In materia di bancarotta fraudolenta per distrazione, l’art 216 comma 1 n. 1) Legge Fallimentare prevede che “È punito con la reclusione da tre a dieci anni, se è dichiarato fallito, l’imprenditore, che ha distratto, occultato, dissimulato, distrutto o dissipato in tutto o in parte i suoi beni ovvero, allo scopo di recare pregiudizio ai creditori, ha esposto o riconosciuto passività inesistenti”.

L’articolo 223 Legge Fallimentare estende poi la predetta disciplina, originariamente pensata per l’imprenditore individuale, ai soggetti apicali (vale a dire amministratori, direttori generali, sindaci e liquidatori) della società dichiarata fallita che abbiano compiuto i fatti di bancarotta previsti dall’articolo 216.

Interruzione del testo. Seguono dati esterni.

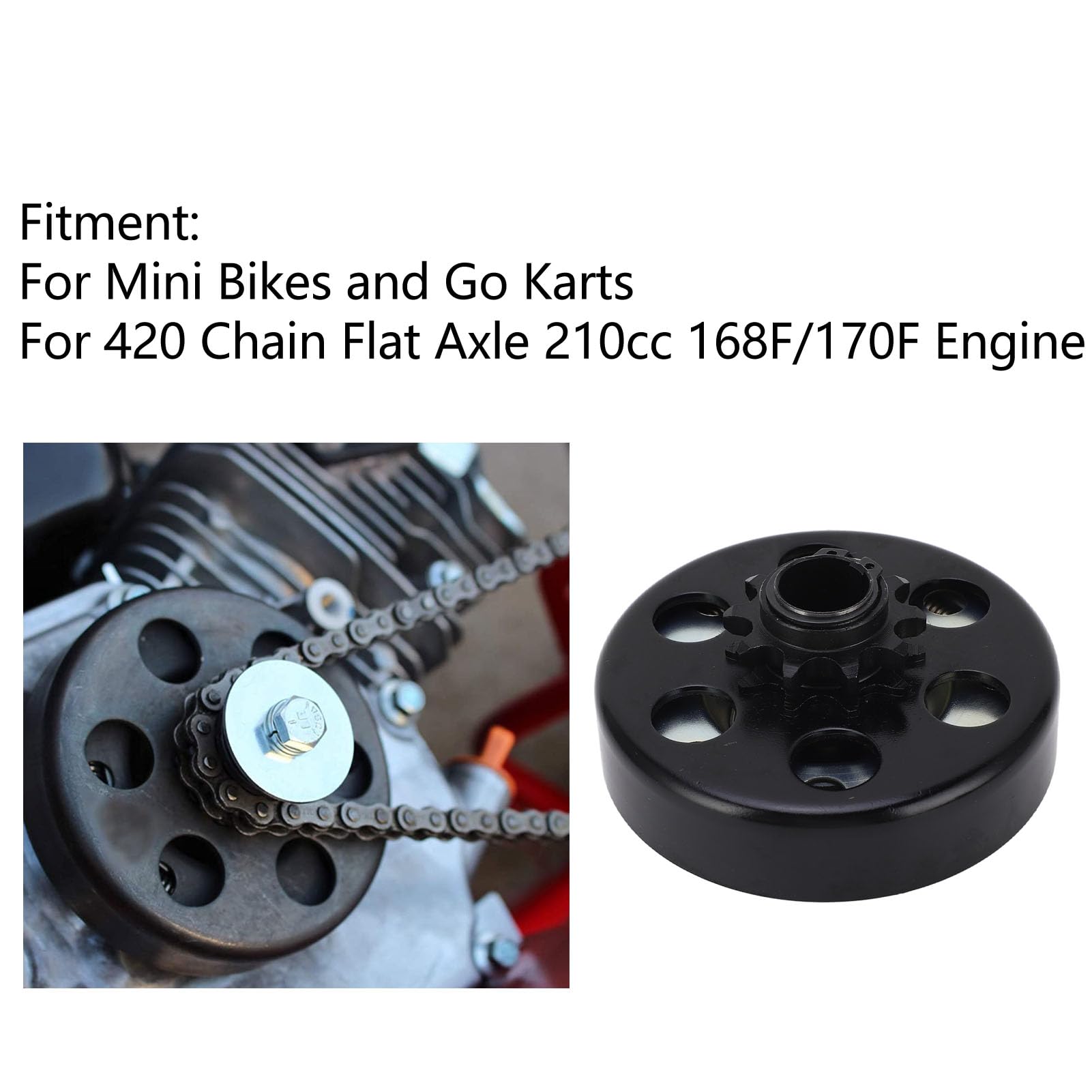 20-Mm-10T-Kart-Rennkupplung, Premium-Metalldesign für Mini-Bikes, 420-Kette, 210-168F/170F-Motor, mit Kaliber 20 Mm, Passend für Mini-Bikes und Go-Karts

Così delineato il quadro riferimento normativo, si può comprendere come il reato di bancarotta patrimoniale tuteli, nella forma del pericolo, le ragioni della massa dei creditori che possono essere pregiudicate dal distacco dei beni dall’attivo dell’ente per scopi estranei allo stresso.

La condotta

Le possibili condotte descritte dalla norma sono due: da un lato distrarre, occultare, dissimulare, distruggere, dissipare –in tutto o in parte i beni (dell’imprenditore o della società); dall’altro esporre o riconoscere passività inesistenti 

L’elemento soggettivo del reato 

L’elemento soggettivo del reato viene diversamente declinato in base al tipo di condotta.

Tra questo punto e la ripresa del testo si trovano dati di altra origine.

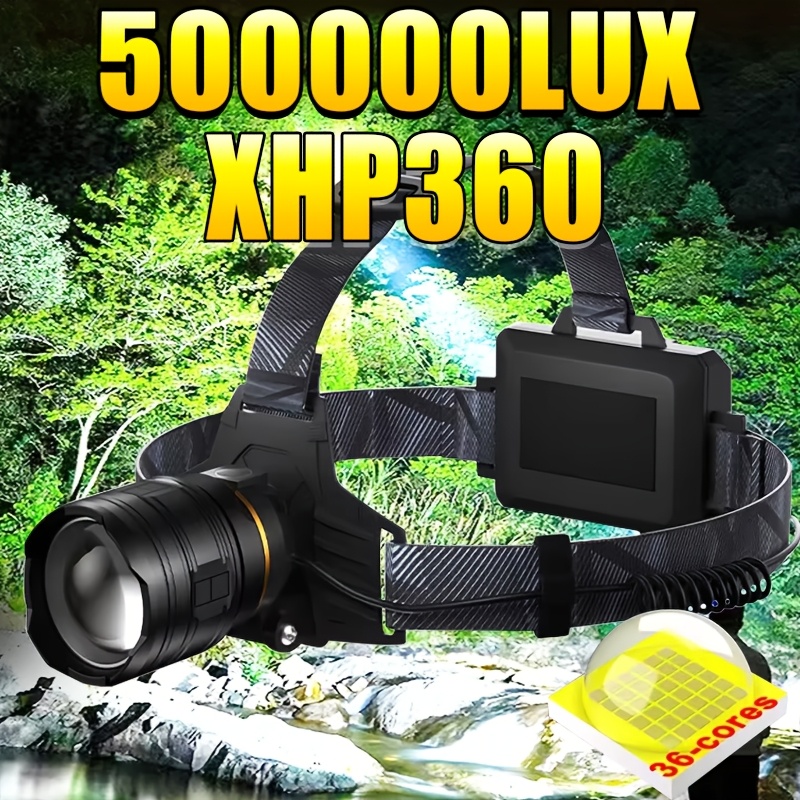 

Xhp360 - 50000 , Rechargeable Usb Headlight With 2600mah Battery, Adjustable Band, 5 (100%/50%/25%/flash/sos), Aviation Aluminum Construction For Outdoor, Fishing, And Emergency Use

Le condotte distrattive o comunque dissipative dei beni e del patrimonio sociale vengono punite a titolo di dolo generico; la giurisprudenza è molto chiara, infatti, nell’affermare che il  reato di bancarotta fraudolenta per distrazione non richiede il dolo specifico, e si perfeziona con il dolo generico, ossia la consapevole volontà di dare al patrimonio sociale una destinazione diversa da quella di garanzia delle obbligazioni contratte (veggasi, ad esempio, Cassazione penale, sez. V, 14/01/2010, n. 11899).

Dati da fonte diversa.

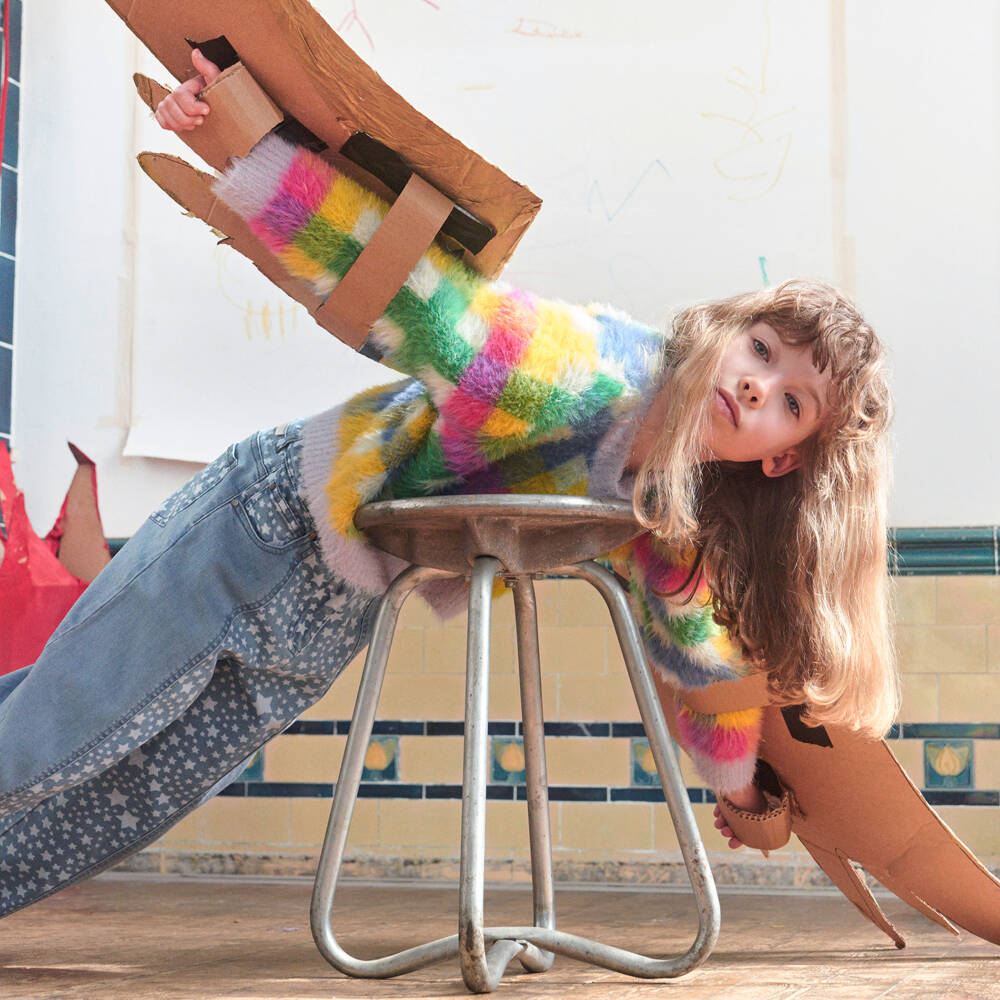 Stella McCartney Kids-Girls Denim Trousers with Star Pattern | Childrensalon Outlet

La condotta di esposizione o riconoscimento di passività inesistenti risulta invece prevista e punita a titolo di dolo specifico, in quanto effettuata “allo scopo di recare pregiudizio ai creditori”.

Interessante, in questo quadro, cercare di comprendere da quali elementi di fatto, ricorrenti nel caso concreto, poter legittimamente trarre la prova del dolo del reato di bancarotta patrimoniale fraudolenta.

Ebbene, con una recentissima sentenza la Corte di Cassazione ha enunciato il seguente principio di  diritto in merito ai così detti “indici di fraudolenza” rilevanti in relazione al reato in argomento: “l’accertamento dell’elemento oggettivo della concreta pericolosità del fatto distrattivo e del dolo generico deve valorizzare la ricerca di indici di fraudolenza, rinvenibili, ad esempio, nella disamina della condotta alla luce della condizione patrimoniale e finanziaria dell’azienda, nel contesto in cui l’impresa ha operato, avuto riguardo a cointeressenze dell’amministratore rispetto ad altre imprese coinvolte, nella irriducibile estraneità del fatto generatore dello squilibrio tra attività e passività rispetto a canoni di ragionevolezza imprenditoriale” (Cass. Pen., Sez. V, 23 giugno 2021, n. 24582).